§ **ACTIVITY**
Leaving out all pictures, return exactly the lines from the one that contains "INOVATIX Set de" through the end of the data below.

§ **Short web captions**

BEGIN

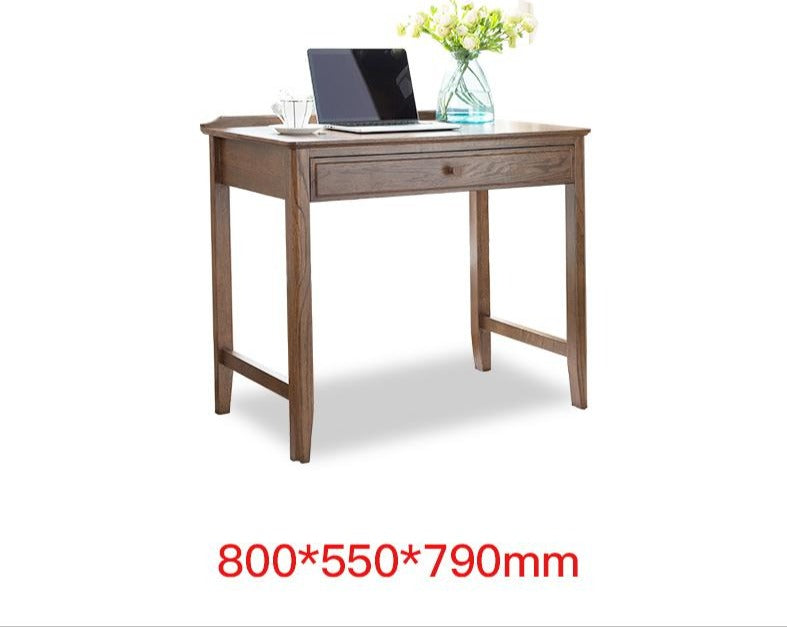 Premium Solid Wood Computer Desk - American Oak Hugo Nordic Style for Home Office, Gaming & Study | Durable & Stylish Workspace Solution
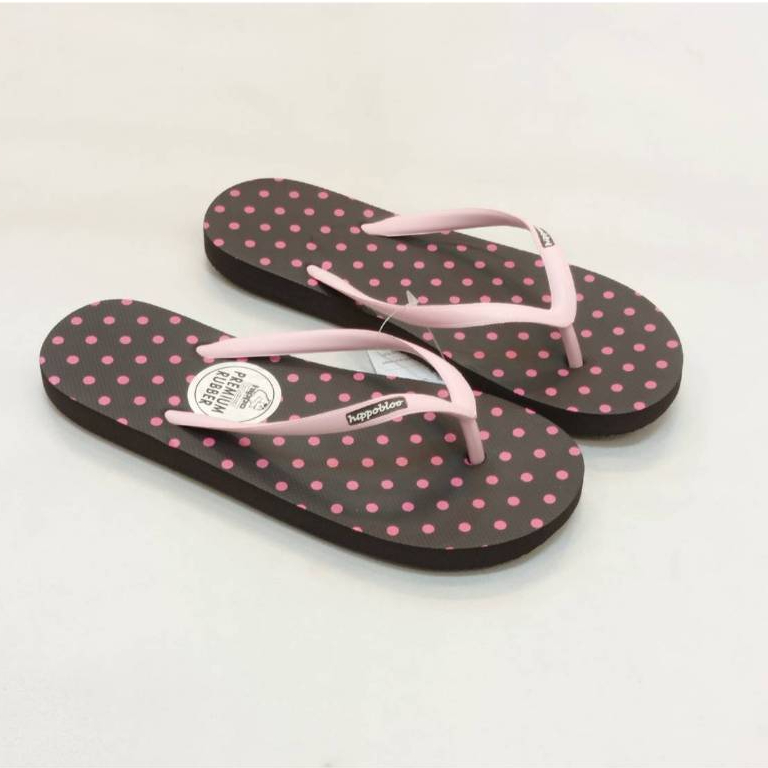 รองเท้าแตะ ลายจุด Hippo Bloo สีตาลเข้มตัดชมพู โทนเข้ม 12 สี รองเท้าใส่อยู่บ้าน sandals ฮิปโป บลู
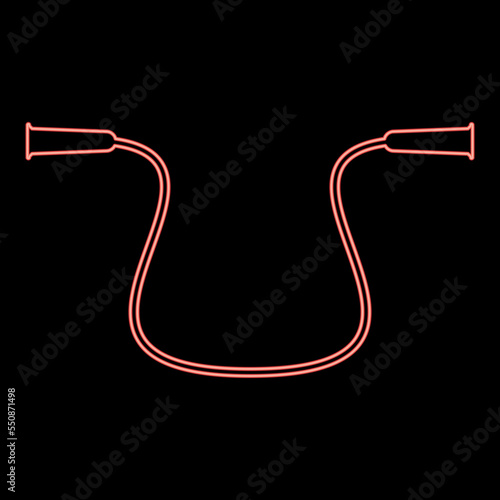 Neon jump rope for workout skipping rope for sports fitness icon red color vector illustration image flat style
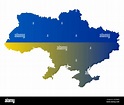 Ucrania mapa silueta con pendiente bandera nacional. Ilustración de ...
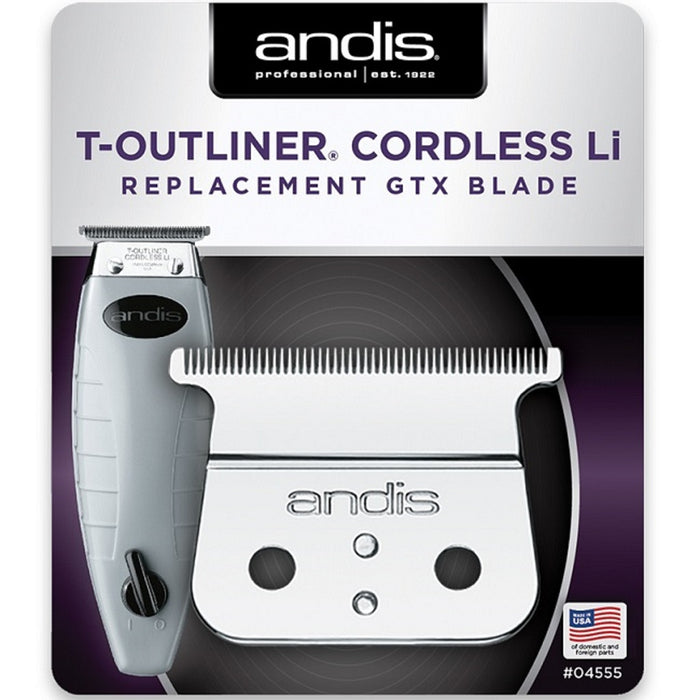 Andis Cordless T-Outliner Li Replacement Deep Tooth GTX Blade - Carbon Steel #04555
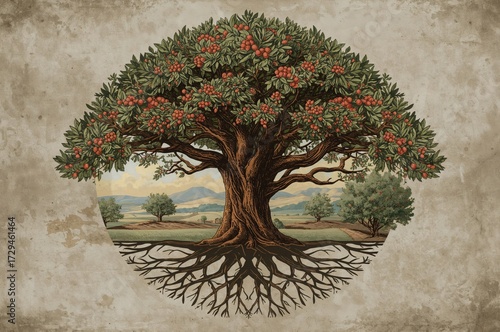 Abstract logo symbol representing a tree set against a natural backdrop featuring an oak illustration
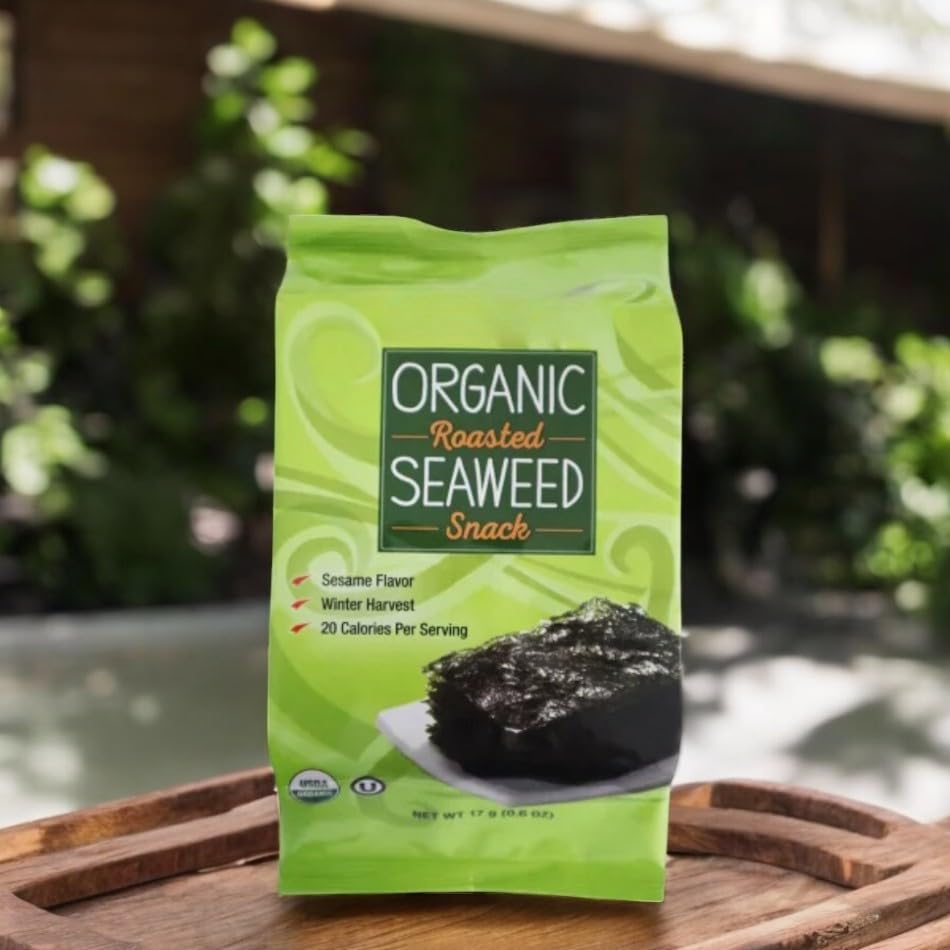 Roman Shopping Organic Roasted Seaweed, kirkland, Sesame Flavor, 0.6 oz, 10 Packs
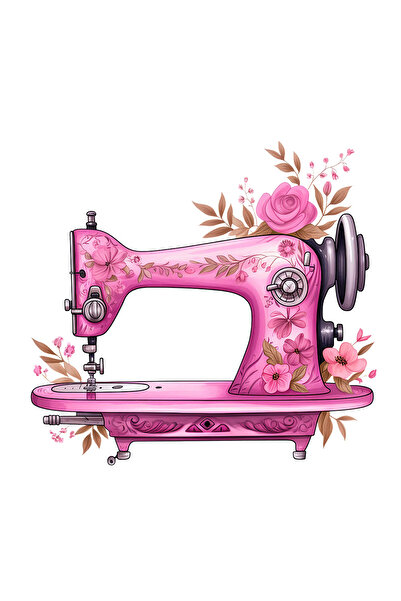 INOVATIX Set de 8 autocolante roz cu mașină de cusut, INOVATIX®. 6 cm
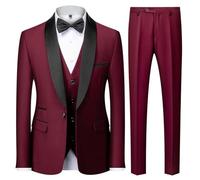 KUDMOL Abito da uomo 3 pezzi Slim Fit con un bottone, sciarpa, revers per matrimonio, evento formale, completo con blazer, gilet e pantaloni, rosso vivo, M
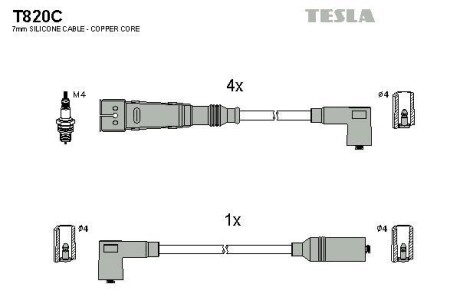 Провода высоковольтные, комплект TESLA T820C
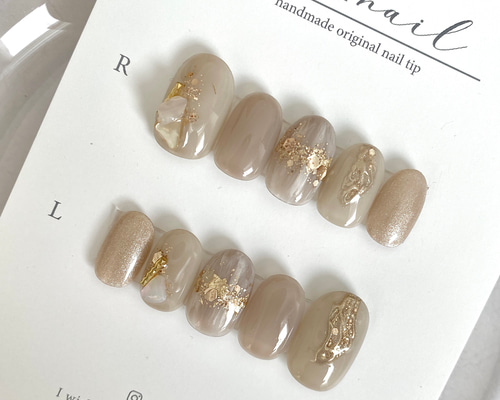グレージュ ニュアンス♡ネイルチップ グレージュニュアンス♡ ネイルチップ ネイルチップ（つけ爪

END

§ **SOLUTION BELOW**
 INOVATIX Set de 8 autocolante roz cu mașină de cusut, INOVATIX®. 6 cm
 KUDMOL Abito da uomo 3 pezzi Slim Fit con un bottone, sciarpa, revers per matrimonio, evento formale, completo con blazer, gilet e pantaloni, rosso vivo, M
 Провода высоковольтные, комплект TESLA T820C
グレージュ ニュアンス♡ネイルチップ グレージュニュアンス♡ ネイルチップ ネイルチップ（つけ爪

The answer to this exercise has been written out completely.